Ve 34. haftamızdan birkaç kare fotoğraf ile ben…





9 Aralık 2011 Cuma

KALPLİ KAPI SÜSÜ

Uzunca bir süredir antredeki kapımız için bir kapı süsü yapma fikrim vardı fakat nasıl bir şey yapacağıma bir türlü karar verememiştim. Buna benzer bir kapı süsünü yaprak formunda ve gazetelerden yapılanını görmüştüm. Ben de nihayet dün antremize keçelerden kalpli bir kapı süsü yaptım. Antre kapısı olup, çok da kullanıldığından boylarını uzun yapmak istemedim ve nihayetinde böyle bir şey çıktı ortaya.

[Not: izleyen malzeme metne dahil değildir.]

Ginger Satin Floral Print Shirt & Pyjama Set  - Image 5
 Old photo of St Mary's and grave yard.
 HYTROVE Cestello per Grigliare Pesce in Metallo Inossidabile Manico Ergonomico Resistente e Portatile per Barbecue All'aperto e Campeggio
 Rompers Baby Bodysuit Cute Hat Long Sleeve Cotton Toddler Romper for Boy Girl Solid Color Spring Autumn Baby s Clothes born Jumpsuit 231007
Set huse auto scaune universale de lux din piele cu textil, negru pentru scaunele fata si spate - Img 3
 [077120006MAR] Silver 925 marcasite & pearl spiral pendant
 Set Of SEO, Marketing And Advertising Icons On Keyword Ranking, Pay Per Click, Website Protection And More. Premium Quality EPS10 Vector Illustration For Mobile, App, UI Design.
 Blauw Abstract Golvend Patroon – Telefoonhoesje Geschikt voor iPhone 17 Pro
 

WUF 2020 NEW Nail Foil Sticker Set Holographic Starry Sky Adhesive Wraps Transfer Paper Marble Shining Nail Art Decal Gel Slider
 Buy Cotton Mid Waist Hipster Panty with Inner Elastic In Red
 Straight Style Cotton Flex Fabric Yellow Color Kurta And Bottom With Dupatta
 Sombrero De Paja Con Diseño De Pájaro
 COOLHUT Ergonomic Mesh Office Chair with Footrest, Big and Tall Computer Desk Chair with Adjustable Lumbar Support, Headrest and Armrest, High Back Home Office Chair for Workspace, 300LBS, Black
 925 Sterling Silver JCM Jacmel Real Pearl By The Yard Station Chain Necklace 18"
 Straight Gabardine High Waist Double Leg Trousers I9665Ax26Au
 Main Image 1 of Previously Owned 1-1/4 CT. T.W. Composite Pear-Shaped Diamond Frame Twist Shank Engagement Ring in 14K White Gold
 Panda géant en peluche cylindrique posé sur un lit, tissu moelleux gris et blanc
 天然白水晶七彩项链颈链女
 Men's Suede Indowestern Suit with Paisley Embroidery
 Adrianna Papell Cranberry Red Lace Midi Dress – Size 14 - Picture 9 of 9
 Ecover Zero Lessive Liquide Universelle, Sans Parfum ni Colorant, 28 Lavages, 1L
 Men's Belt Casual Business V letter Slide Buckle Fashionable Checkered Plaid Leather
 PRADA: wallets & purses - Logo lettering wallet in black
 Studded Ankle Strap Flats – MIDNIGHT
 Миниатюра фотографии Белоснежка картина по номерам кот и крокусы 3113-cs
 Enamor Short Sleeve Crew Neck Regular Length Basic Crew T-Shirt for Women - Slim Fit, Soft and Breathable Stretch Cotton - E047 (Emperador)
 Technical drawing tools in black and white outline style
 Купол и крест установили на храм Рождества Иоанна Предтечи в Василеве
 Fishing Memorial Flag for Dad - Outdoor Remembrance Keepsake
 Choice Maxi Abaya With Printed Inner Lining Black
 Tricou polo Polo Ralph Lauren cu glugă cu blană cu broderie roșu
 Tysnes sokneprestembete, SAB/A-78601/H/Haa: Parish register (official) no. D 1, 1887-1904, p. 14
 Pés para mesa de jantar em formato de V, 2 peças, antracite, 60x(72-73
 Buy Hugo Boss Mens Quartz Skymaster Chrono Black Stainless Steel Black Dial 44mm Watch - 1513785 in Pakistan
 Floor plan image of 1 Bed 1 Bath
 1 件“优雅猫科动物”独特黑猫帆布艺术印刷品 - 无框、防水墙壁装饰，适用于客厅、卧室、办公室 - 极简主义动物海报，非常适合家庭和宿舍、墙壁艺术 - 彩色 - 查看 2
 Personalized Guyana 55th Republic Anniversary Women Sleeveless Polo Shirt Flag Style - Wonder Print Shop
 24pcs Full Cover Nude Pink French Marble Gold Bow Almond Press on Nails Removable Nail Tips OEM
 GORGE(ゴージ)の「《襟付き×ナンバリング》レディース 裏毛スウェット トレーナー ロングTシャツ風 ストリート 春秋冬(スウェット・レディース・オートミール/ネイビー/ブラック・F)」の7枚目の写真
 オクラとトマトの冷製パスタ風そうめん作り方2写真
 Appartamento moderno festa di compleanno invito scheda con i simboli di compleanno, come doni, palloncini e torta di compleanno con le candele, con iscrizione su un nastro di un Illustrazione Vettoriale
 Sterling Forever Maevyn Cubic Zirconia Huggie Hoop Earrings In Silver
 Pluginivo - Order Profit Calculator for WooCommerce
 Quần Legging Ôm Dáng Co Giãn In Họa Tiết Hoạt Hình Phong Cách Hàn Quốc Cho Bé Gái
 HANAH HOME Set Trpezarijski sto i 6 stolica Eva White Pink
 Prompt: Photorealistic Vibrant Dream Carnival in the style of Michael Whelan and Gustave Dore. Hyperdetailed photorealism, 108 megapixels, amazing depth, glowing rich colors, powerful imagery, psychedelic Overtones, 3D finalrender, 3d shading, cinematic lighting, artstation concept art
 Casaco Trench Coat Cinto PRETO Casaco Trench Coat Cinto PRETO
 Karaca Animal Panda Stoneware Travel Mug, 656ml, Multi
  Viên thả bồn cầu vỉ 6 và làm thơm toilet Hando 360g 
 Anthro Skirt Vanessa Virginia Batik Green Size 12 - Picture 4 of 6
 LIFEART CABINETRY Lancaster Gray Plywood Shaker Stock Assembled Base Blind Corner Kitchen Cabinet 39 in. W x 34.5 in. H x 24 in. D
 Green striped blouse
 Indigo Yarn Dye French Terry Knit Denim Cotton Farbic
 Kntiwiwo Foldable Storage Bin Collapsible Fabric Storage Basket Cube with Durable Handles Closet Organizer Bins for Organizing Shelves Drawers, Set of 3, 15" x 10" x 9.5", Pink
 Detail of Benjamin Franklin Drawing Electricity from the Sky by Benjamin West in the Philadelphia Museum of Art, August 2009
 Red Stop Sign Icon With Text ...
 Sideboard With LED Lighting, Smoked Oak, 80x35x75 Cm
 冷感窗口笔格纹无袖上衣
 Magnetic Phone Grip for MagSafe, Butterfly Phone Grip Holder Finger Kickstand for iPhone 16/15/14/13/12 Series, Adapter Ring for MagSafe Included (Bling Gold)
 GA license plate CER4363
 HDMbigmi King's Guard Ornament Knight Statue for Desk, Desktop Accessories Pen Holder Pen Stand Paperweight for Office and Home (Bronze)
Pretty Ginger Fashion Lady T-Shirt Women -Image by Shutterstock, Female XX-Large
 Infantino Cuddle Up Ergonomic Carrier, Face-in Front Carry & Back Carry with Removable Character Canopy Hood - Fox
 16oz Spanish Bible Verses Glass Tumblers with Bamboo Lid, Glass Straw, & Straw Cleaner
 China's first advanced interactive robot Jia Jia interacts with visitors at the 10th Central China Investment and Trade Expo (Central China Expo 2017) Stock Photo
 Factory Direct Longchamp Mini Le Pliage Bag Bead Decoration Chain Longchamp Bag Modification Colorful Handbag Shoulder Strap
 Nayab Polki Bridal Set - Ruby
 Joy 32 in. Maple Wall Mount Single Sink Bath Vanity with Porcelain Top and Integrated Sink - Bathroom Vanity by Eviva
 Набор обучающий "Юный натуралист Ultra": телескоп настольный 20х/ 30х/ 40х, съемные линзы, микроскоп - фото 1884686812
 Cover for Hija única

Siz de denemek isterseniz detaylı olarak anlatmaya çalıştım.



Öncelikle malzemelerimiz istediğiniz renkte keçe ve ip, bir de kapı süsünü yapacağınız kapının genişliğinde kapaklı bir kablo kanalı ( bunu çok düşündüm :)


İlk olarak kalpli kurabiye kalıbını tutmak kolay olduğundan onu kullanarak pembe ve beyaz keçelerin üzerine kalpleri çizdim, düzgün bir şekilde keserek dikişe hazırladım.


Sonra dikiş makinesinde baştan 5 cm kadar bir ip bırakarak kalpli keçeleri bir pembe bir beyaz olacak şekilde, yine aralarına 5’er cm aralık bırakarak diktim.



Sonrasında hazırladığım kalpli şeritlerin ucunu küçük kağıtlara sıcak silikon yardımıyla yapıştırıp, daha sonra da kapağını açtığım kablo kanalını eşit aralıklarla işaretledikten sonra şeritleri kağıtlı kısımdan kablo kanalının içine (işaretli yerlere) yapıştırdım.


Yapıştırma işlemi bittikten sonra kablo kanalının kapağını kapattım ve duvara monte işi de sevgili kocacığıma kaldı.